In the same narrative, inflation expectations in 2027 were described as still broadly anchored, but with a caution that they could change if the shock continues for longer. This matters because a sustained shock can narrow monetary policy room, even if the central bank initially adopts a wait-and-see approach.
Key numbers and facts mentioned
Why this matters for Indian markets and policy
For investors, the IMF’s message is less about the 0.1 percentage point upgrade and more about the trade-offs that come with a prolonged energy shock. If retail fuel prices remain unchanged while crude rises, oil marketing companies face margin pressure and fiscal choices become harder, especially when fertiliser subsidies and excise duties are part of the cushion.
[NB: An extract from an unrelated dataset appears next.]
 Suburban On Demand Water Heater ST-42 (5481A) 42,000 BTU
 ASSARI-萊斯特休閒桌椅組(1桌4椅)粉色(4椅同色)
For policymakers, the emphasis on “allowing price signals to work” indicates the IMF’s preference for calibration rather than prolonged price controls. Targeted and temporary support for vulnerable groups is presented as the cleaner option, because it preserves fiscal buffers that may be needed if external conditions worsen further.
Conclusion
The IMF has lifted India’s FY27 growth forecast to 6.5% on the back of strong momentum and easing tariff pressures, but it continues to flag energy prices as the dominant external risk. Srinivasan’s May 5 remarks add a practical policy warning: fuel prices cannot be held down indefinitely without distorting market signals.
The next market focus will remain on global crude and gas trends, any decision on petrol and diesel price adjustments, and how India balances targeted relief with fiscal buffers if the West Asia conflict and related supply risks persist.